10 de agosto de 2007

"Una unidad funcional"

(Publicado en la revista No-retornable)

Los estantes vacíos (Entropía, 2006)
de Ignacio Molina

por Sol Echevarría

Los estantes vacíos es un libro compuesto por quince relatos que funcionan como quince piezas de un rompecabezas. Si bien la tapa anticipa que es una compilación de cuentos, lo cierto es que existe una marcada continuidad entre ellos. El cruce de personajes, de historias y de lugares es tal que hasta podría pensarse que se trata de una novela. Cada cuento está compuesto por diferentes fragmentos y, a la vez, cada cuento es un fragmento del libro, como si todo fuera una unidad funcional. Una unidad, por supuesto, despedazada e incompleta, que se puede leer de atrás para adelante o saltando en forma desordenada.

El cruce entre un cuento y otro está dado por los vínculos que se generan entre los personajes a causa de su deambular por la ciudad. A menudo sus vidas apenas se rozan por un instante y luego prosiguen cada una por su camino. El azar cotidiano influye en estos pequeños intercambios que hacen que la mirada del narrador zigzaguee entre distintas historias. Así, sigue los pasos de un chico que va a comprar algo al kiosco y, zás! luego vemos al chico alejarse a través de los ojos del kiosquero, quien se convierte inmediatamente en el foco del relato. En este vaivén narrativo predomina un interés fugaz y algo caprichoso gracias al cual el relato diverge constantemente.

Este desplazamiento de perspectivas produce una visión panorámica fragmentada. Una vuelta al día en ochenta mundos donde cada personaje tiene una óptica determinada y una historia particular, aunque ésta permanezca apenas esbozada. El resultado es un rompecabezas imposible, ya que nunca se puede reponer la totalidad de las historias que se narran. Hay elipsis, piezas sueltas y repeticiones. Queda una mirada desecha, similar a la que se obtiene al observar a través de un calidoscopio.

Se produce un texto espiralado en donde las historias se entrecruzan. Los nombres de los personajes ya leídos resuenan en cada cuento como un eco, a veces difícil de restablecer. Vuelven a la memoria como un chispazo, como una resonancia de algo olvidado. La errancia de los personajes es la que estructura el relato. Estos nuevos flaneurs del segundo milenio recorren la geografía concreta y bien delimitada de Buenos Aires, sobre una calle o avenida en particular. Ese hincapié en el detalle cartográfico pareciera trazar una flecha que apunta a la realidad como su blanco principal.

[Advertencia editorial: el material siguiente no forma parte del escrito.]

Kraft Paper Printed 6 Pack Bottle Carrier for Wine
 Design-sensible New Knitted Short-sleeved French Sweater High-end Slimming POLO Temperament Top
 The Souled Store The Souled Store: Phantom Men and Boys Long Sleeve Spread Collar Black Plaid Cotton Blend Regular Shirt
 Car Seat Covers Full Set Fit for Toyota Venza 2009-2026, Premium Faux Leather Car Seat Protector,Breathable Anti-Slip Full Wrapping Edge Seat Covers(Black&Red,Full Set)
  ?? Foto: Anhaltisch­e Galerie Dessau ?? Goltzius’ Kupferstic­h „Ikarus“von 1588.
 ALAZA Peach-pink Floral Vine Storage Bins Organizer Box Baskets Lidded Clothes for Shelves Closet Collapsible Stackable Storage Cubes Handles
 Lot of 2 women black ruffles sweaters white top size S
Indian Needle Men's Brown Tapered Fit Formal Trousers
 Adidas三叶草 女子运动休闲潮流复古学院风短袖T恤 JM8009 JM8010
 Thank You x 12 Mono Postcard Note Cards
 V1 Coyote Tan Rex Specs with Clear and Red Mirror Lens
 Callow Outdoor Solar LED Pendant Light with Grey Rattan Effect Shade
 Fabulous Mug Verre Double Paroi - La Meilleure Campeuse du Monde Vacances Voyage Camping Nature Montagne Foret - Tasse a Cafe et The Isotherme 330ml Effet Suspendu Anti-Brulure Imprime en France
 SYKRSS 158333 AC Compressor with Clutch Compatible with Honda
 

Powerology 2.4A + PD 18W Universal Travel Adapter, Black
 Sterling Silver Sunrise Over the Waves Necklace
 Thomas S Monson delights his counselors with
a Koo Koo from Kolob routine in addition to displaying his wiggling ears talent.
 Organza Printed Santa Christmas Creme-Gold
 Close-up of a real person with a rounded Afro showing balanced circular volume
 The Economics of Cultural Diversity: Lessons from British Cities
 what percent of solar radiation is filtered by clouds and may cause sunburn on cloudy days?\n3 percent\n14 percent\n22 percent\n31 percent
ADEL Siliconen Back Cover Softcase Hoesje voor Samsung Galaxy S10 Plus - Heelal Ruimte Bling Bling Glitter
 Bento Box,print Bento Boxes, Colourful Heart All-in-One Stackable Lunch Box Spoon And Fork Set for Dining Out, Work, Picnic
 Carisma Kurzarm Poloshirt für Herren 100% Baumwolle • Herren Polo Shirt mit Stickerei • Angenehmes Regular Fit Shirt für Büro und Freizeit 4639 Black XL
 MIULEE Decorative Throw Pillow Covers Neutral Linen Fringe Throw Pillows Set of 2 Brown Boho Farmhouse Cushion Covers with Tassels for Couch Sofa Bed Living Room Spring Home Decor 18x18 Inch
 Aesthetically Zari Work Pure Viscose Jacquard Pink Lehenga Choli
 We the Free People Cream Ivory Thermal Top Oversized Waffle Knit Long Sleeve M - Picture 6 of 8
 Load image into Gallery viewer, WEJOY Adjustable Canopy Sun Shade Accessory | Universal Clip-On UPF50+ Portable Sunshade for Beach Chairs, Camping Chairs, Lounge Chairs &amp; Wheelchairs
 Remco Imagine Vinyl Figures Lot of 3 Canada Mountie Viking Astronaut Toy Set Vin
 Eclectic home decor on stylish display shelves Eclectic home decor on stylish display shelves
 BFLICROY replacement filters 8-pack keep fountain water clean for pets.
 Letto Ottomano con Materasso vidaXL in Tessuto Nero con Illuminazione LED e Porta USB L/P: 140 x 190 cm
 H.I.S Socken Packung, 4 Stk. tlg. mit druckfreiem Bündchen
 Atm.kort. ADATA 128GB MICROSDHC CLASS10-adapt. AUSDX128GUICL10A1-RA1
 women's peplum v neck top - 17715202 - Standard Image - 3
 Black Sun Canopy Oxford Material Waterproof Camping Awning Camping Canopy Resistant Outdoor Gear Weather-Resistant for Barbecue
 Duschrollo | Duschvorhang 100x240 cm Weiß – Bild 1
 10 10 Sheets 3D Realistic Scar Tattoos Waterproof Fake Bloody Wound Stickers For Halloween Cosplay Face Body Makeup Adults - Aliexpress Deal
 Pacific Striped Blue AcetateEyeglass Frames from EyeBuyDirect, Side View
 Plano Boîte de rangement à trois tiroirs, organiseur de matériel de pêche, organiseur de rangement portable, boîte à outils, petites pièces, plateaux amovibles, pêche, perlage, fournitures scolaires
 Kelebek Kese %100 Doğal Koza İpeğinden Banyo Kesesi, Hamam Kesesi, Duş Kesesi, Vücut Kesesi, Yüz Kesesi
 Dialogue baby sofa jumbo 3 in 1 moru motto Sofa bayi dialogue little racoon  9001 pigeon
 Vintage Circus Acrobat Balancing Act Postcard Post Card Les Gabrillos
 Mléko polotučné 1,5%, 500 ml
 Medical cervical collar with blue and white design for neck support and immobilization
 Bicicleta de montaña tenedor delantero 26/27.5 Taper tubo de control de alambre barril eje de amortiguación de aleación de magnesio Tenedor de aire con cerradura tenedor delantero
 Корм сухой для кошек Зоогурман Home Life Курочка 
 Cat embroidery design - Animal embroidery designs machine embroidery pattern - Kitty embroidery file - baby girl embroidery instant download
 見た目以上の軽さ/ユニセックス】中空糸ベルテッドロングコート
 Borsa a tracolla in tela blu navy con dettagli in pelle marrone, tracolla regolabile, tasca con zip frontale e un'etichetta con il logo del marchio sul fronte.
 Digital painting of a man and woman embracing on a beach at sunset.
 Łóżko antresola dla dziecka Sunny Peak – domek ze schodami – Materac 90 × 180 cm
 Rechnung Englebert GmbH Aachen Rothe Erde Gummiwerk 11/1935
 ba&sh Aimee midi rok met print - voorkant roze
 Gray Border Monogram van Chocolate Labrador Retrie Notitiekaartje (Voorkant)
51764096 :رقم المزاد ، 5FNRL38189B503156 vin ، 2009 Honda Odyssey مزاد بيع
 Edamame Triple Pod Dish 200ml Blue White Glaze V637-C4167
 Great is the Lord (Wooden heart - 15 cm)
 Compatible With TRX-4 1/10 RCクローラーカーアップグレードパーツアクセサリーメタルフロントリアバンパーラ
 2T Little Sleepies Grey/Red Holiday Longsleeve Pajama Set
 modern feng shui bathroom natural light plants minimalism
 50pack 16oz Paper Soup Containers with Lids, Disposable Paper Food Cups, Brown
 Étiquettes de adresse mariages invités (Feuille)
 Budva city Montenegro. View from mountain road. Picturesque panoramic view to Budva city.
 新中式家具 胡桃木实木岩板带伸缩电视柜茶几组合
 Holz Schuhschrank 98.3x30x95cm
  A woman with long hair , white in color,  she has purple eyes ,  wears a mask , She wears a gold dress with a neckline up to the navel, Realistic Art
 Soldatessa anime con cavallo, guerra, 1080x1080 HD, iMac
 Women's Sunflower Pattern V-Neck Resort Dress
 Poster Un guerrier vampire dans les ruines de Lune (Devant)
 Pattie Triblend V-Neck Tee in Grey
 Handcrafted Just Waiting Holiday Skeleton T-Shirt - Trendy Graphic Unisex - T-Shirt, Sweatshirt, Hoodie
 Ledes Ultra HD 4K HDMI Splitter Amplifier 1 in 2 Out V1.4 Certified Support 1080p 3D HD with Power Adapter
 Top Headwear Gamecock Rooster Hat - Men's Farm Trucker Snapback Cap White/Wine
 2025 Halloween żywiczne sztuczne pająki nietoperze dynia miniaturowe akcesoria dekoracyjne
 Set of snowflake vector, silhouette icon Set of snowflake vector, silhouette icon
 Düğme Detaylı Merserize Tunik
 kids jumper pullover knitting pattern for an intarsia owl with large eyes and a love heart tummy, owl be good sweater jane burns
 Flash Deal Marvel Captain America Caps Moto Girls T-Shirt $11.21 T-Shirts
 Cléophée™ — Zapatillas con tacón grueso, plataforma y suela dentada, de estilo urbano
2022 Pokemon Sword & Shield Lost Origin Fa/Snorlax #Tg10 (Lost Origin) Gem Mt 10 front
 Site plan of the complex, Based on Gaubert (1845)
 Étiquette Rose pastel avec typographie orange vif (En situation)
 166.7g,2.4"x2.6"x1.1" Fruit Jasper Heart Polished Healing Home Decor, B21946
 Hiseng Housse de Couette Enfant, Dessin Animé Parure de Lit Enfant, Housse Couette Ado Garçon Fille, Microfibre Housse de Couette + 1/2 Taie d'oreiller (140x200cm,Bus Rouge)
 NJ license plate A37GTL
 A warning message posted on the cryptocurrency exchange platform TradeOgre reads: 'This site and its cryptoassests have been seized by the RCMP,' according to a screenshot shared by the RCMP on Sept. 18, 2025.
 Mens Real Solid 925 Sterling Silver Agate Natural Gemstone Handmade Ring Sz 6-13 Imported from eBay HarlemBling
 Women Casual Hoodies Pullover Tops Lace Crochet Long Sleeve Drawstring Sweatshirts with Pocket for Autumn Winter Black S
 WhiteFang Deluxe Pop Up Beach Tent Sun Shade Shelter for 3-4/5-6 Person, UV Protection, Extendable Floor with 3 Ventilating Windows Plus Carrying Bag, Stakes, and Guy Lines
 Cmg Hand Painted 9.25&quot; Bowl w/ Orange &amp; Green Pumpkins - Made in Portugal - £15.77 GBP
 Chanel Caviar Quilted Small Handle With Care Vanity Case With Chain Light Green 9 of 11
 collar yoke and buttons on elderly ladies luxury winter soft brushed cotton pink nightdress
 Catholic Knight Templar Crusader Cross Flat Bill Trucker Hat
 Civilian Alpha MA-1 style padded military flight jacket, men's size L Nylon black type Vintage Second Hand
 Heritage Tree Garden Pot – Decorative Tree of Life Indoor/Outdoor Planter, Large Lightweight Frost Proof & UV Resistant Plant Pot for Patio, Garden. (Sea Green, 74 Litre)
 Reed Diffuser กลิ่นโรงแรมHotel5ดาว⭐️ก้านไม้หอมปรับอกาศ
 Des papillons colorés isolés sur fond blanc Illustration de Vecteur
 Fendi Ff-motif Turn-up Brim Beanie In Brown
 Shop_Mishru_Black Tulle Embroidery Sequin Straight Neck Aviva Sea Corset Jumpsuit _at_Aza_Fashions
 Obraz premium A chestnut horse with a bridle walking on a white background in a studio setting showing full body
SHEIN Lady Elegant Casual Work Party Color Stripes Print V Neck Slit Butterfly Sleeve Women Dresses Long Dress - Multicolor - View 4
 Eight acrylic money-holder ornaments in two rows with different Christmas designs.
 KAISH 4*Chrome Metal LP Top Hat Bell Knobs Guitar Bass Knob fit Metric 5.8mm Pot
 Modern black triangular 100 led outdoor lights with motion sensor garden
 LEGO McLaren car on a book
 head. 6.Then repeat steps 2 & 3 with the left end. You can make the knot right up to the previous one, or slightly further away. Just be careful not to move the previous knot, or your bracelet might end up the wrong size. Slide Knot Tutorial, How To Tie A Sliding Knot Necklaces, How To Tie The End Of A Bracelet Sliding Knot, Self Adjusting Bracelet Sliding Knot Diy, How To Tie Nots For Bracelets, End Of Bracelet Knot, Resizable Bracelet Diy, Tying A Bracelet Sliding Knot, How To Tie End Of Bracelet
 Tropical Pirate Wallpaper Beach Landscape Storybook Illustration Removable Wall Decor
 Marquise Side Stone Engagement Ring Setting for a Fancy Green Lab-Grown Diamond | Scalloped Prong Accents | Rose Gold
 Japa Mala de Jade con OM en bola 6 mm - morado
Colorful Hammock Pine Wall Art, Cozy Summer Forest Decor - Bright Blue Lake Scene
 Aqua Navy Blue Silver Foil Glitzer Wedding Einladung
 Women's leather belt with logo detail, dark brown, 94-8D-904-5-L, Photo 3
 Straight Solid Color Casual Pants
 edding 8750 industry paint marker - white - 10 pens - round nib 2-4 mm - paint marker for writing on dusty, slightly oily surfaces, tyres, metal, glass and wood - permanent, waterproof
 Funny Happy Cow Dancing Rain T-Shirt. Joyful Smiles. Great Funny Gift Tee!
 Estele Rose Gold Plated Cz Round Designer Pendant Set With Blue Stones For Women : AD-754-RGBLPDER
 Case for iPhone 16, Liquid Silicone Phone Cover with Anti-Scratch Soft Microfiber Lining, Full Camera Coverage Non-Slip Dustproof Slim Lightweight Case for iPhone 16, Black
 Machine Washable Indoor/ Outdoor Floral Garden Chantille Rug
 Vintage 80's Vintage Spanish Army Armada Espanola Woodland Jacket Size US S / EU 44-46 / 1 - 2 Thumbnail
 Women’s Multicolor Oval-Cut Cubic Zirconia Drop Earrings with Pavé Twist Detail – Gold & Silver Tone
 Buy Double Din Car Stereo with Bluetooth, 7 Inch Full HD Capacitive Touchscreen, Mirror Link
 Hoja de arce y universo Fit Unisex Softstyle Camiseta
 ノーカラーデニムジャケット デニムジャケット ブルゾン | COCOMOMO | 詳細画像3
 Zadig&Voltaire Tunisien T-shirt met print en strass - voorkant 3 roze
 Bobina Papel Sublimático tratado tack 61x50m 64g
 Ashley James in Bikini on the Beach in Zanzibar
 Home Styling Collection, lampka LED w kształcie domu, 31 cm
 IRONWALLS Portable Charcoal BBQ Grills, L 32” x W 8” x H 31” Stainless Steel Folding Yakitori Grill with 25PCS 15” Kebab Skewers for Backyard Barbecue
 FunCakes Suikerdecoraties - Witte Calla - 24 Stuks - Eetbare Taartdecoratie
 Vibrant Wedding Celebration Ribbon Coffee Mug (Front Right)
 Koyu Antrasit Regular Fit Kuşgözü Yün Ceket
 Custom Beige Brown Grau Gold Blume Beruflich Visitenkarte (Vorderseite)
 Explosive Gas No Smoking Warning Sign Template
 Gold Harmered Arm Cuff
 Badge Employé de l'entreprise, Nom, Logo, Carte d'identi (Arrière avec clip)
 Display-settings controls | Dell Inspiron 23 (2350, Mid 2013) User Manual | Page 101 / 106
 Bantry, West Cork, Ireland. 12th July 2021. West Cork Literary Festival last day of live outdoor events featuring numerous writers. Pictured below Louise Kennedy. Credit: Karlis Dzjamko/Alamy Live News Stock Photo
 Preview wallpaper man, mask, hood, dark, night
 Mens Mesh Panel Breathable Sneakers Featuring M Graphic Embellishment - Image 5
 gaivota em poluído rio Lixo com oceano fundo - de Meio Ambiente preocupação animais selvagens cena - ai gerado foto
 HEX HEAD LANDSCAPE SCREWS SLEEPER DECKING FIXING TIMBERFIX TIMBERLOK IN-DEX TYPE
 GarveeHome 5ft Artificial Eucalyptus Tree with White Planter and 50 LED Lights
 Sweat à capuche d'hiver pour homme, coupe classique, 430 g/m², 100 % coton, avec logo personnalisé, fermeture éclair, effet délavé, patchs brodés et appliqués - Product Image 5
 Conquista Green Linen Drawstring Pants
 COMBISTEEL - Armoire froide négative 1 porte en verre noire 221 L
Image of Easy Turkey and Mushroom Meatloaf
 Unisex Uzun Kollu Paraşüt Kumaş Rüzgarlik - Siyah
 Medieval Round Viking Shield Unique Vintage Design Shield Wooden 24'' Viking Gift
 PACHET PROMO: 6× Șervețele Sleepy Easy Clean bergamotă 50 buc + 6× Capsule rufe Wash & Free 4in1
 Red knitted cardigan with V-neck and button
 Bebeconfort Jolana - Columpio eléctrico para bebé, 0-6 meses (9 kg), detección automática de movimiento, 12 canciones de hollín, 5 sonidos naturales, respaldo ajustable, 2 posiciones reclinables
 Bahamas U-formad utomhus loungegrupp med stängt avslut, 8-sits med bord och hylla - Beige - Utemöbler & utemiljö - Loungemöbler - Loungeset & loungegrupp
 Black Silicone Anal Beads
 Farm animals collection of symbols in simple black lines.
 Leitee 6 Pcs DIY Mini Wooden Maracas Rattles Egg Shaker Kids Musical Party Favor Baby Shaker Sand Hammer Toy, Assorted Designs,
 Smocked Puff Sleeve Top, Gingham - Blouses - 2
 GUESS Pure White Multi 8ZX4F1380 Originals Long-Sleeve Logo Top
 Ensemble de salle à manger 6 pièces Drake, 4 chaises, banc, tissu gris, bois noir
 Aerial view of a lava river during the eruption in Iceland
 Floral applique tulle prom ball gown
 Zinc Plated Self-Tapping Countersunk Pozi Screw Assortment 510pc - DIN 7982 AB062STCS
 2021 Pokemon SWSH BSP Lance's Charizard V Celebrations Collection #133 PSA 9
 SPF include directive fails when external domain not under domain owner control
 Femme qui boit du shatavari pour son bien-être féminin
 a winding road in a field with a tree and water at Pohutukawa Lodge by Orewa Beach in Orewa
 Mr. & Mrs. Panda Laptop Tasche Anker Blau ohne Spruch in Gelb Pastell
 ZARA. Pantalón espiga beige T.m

Los personajes son, casi todos, veinteañeros que se hunden en siestas desordenadas, conversaciones triviales y se dedican a dar vueltas por la ciudad. Por momentos parecieran incluso no decidir sobre su destino. Hay cierta inercia en la manera que tienen de desplazarse por el mundo. Se entregan al azar como si fueran pequeños autómatas. Duermen, comen, conversan, deambulan y vuelven a sus casas. Están enmarcados en una cotidianidad de quehaceres domésticos y de acciones banales, apenas atravesada por conflictos que se disparan tanto a causa de la mirada de un mozo como por una tortuga encontrada en la calle.

(...)

(La reseña completa, clickeando acá)

2 comentarios:

Martín dijo...

Lo que no es raro es que me estén entrando demasiadas ganas de pispear los Estantes vacíos. Pero también se que una vez que lo lea, tendré que tirar por la borda cualquier proyecto de tipear algo con aires a lo Magnolia o Vidas Cruzadas (hago la unión en la cabeza, no se cuan acertada es) Abrazo grande Molina. Ando paseando mucho por aquí. Ah, copado muy ver los peces descartables aquí al lado!!!

Anónimo dijo...

Pispeá nomás, Martín, que no creo que tengas que tirar nada por la borda. Un abrazo.